#### Assigned task
Without pictures, repeat the lines of the entries from the one containing "Schoolly D-2" through the last, both ends included, and nothing else.

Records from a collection
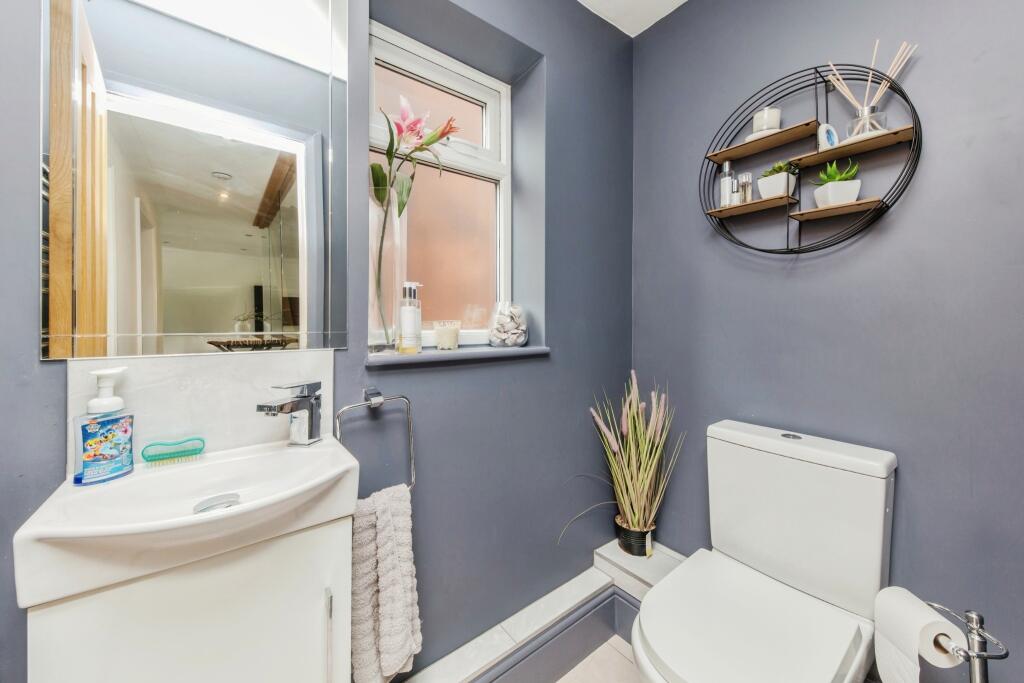 Additional image 5 of Woodside Drive, Sandbach, CW11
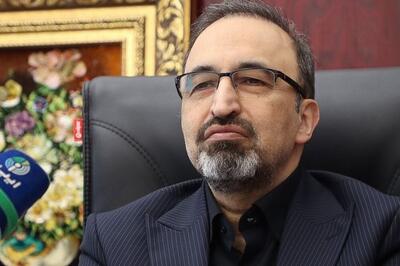  رئیس هیات مدیره بانک ملی: هیچگونه بدهی از بانک آینده سابق به بانک ملی منتقل نمی‌شود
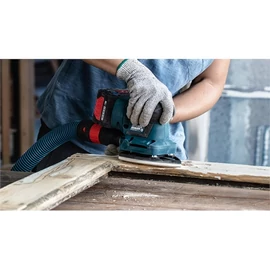 Bosch EXPERT C470 14 lyukú csiszolópapír rezgőcsiszolókhoz, 115 x 230 mm, G 100, 50 db
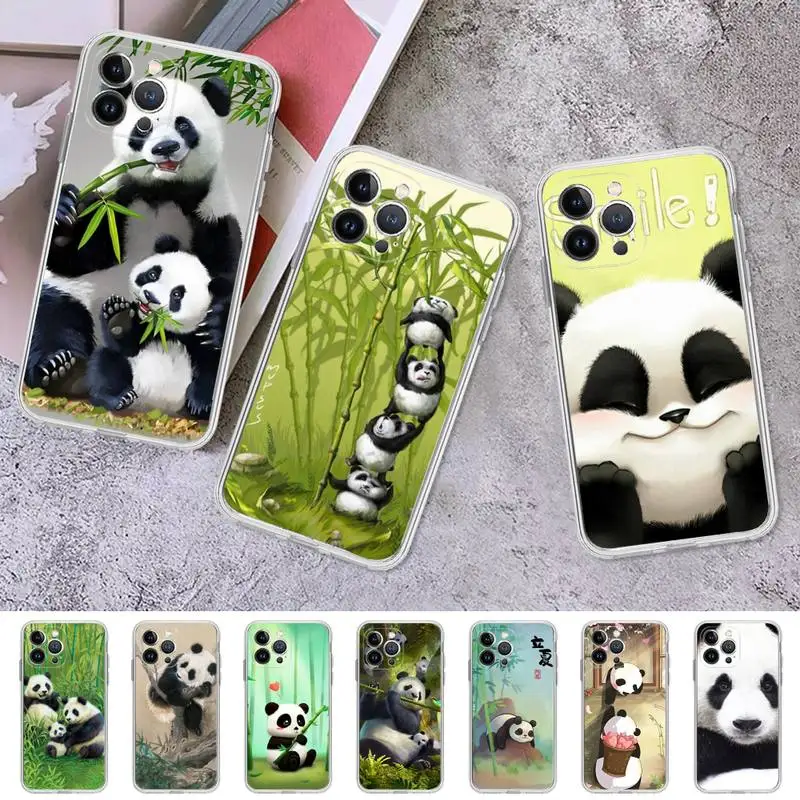 RuiCaiCa Chinese Bear Panda Phone Case For iPhone 8 7 6 6S Plus X SE 2020 XR XS 14 11 12 13 Mini Pro Max Mobile Case
RuiCaiCa Chinese Bear Panda Phone Case For iPhone 8 7 6 6S Plus X SE 2020 XR XS 14 11 12 13 Mini Pro Max Mobile Case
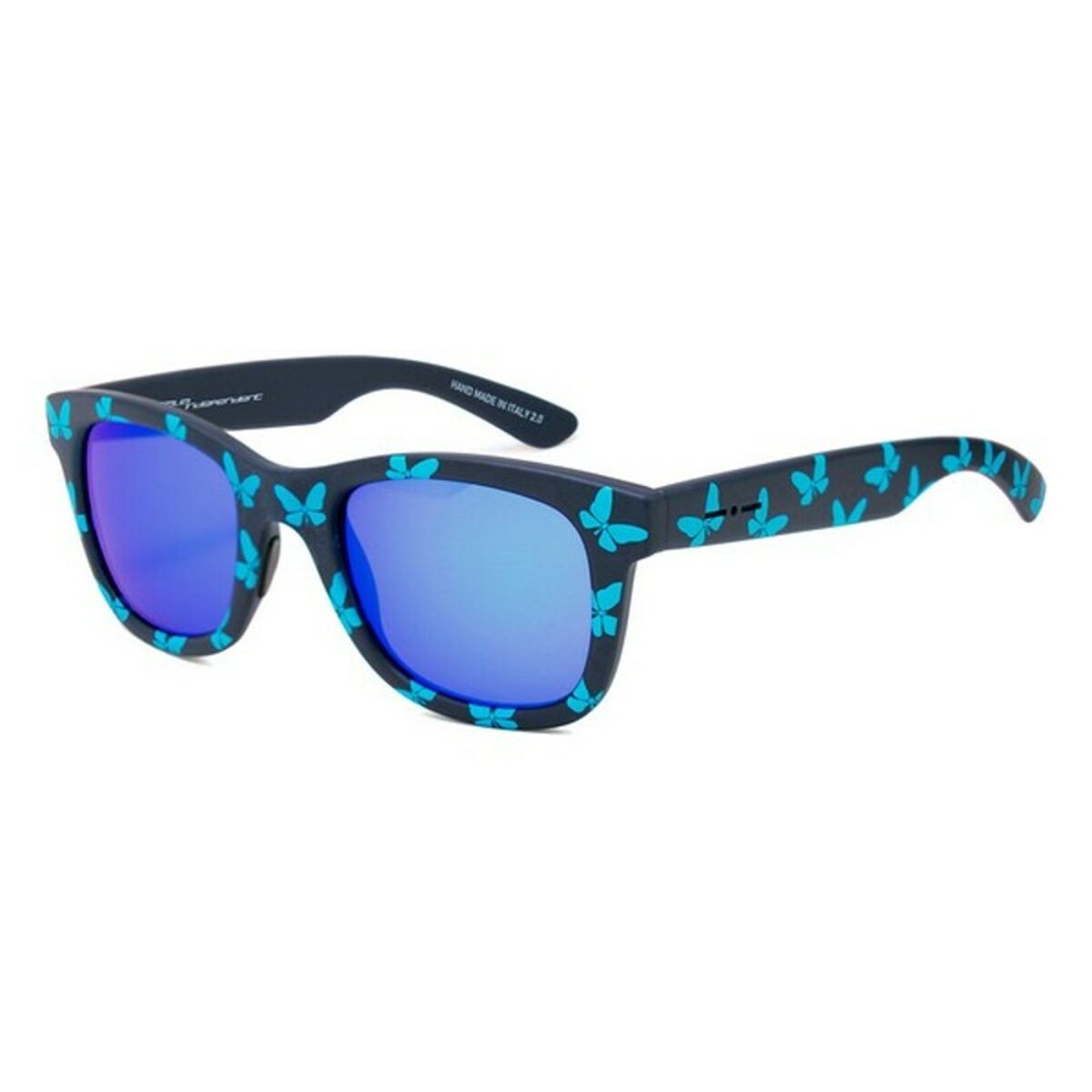 Ladies’ Sunglasses Italia Independent 0090T-FLW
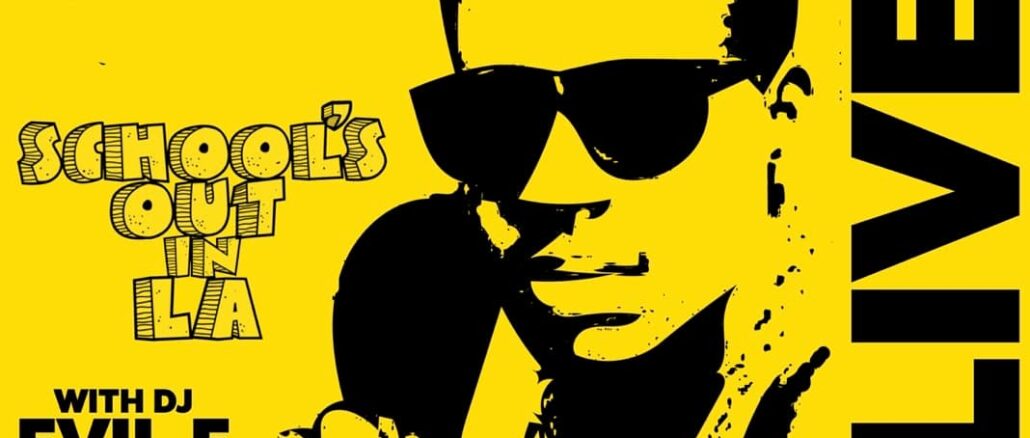 Schoolly D-2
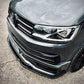 Volkswagen Transporter T6 Sportline Short Wheelbase - Low Line Kit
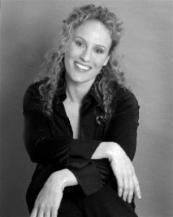 Priscilla Thompson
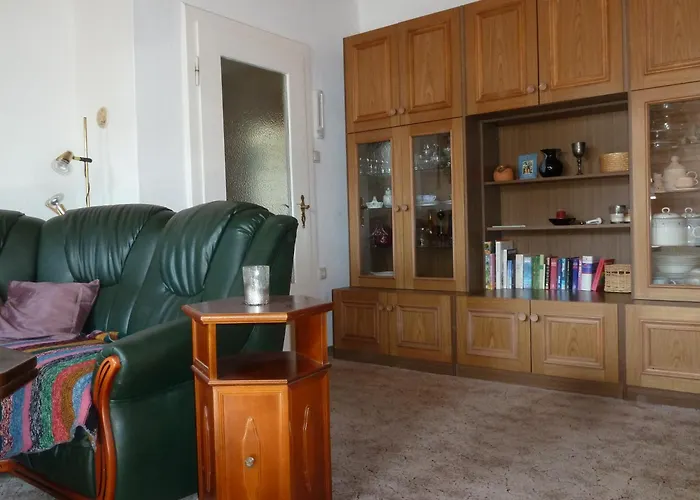 Perle Der Altmark 1 Und 2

#### Answer to the problem
 Schoolly D-2
 Volkswagen Transporter T6 Sportline Short Wheelbase - Low Line Kit
 Priscilla Thompson
 Perle Der Altmark 1 Und 2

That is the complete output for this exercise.